Le 19 novembre 2017, un groupe de plus de 60 journalistes cambodgiens a publié une lettre ouverte appelant à la libération des deux anciens journalistes de RFA. Depuis lors, le journaliste qui a lancé la pétition a quitté le pays, après avoir été placé sous surveillance. D’autres journalistes ont également fait état d’une surveillance accrue et ont quitté le pays, craignant d’être arrêtés.

L’interruption des activités de RFA au Cambodge intervient sur fond d’attaques incessantes contre les médias indépendants, la société civile et l’opposition au Cambodge, à l’approche des élections législatives de 2018. Ces derniers mois, au Cambodge, plus de 30 programmes diffusés à l’échelle nationale par RFA, Voice of America, Voice of Democracy et radio Mohanokor, une radio favorable à l’opposition, ont été interdits d’antenne. Les habitants des régions rurales du Cambodge restent très tributaires de ces stations de radio, qui sont leur seule source d’informations indépendantes ou critiques ; bien souvent, dans les zones reculées, ils n’ont pas accès à Internet. Les chaînes de télévision sont étroitement liées au gouvernement.
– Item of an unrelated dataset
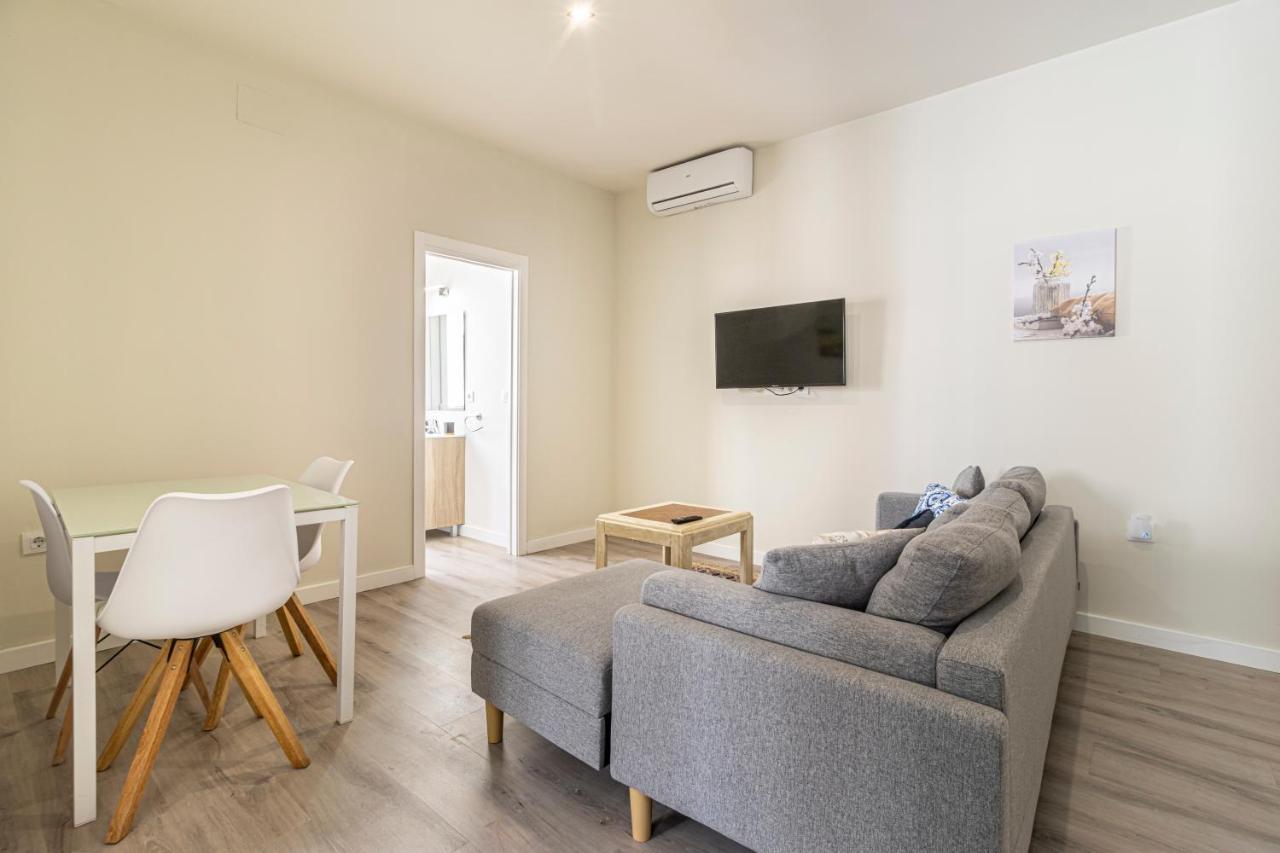Top & Chic Albarizuela Suites - Apartamentos Jerez 赫雷斯 外观 照片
Le 4 septembre 2017, The Cambodia Daily, un quotidien indépendant, a fermé ses portes après avoir reçu un relevé d’imposition non vérifié de 6,3 millions de dollars des États-Unis, ce qui a été généralement perçu comme une initiative des autorités visant à le contraindre à cesser ses activités. Deux de ses anciens journalistes sont toujours inculpés d’incitation pour les reportages qu’ils ont réalisés à l’époque des élections municipales, en juin 2017. De plus, le 16 novembre, Len Leng, ancienne journaliste du Cambodia Daily, a été détenue pendant plus de sept heures après avoir tenté d’assister à l’audience publique de la Cour suprême qui a abouti à la dissolution du principal parti d’opposition, le Parti du salut national du Cambodge (PSNC).
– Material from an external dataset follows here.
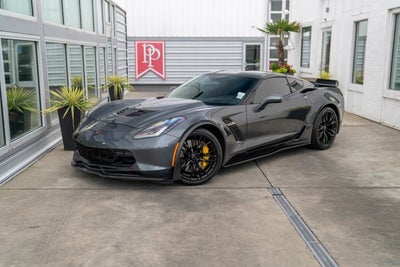 2017 Chevrolet Corvette Z06 1LZ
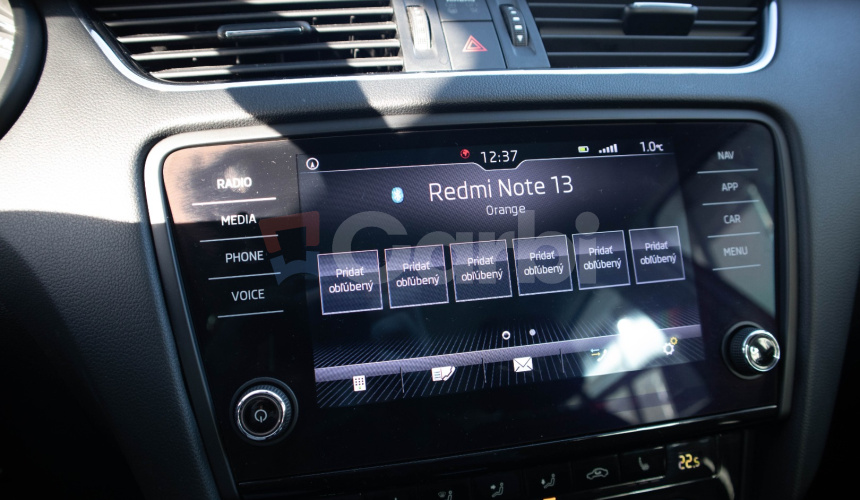 Škoda Octavia 2.0 TSI Ambition DSG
Ces derniers mois, des citoyens ordinaires exprimant leurs opinions en ligne ont été la cible d’une série d’arrestations, essentiellement en raison de publications Facebook critiquant le Premier ministre Hun Sen.
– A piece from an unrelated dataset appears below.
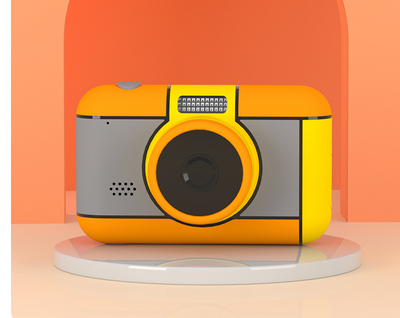 Cámara Digital HD para Niños - Juguete Creativo de Fotografía - Image 7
Le musellement systématique et croissant des médias financés par l’étranger accompagne le discours du parti au pouvoir selon lequel il existerait une « révolution de couleur » menée par l’opposition, visant à renverser le gouvernement actuel, qui serait financée et appuyée par le gouvernement des États-Unis et bénéficierait du soutien de la société civile et des médias indépendants.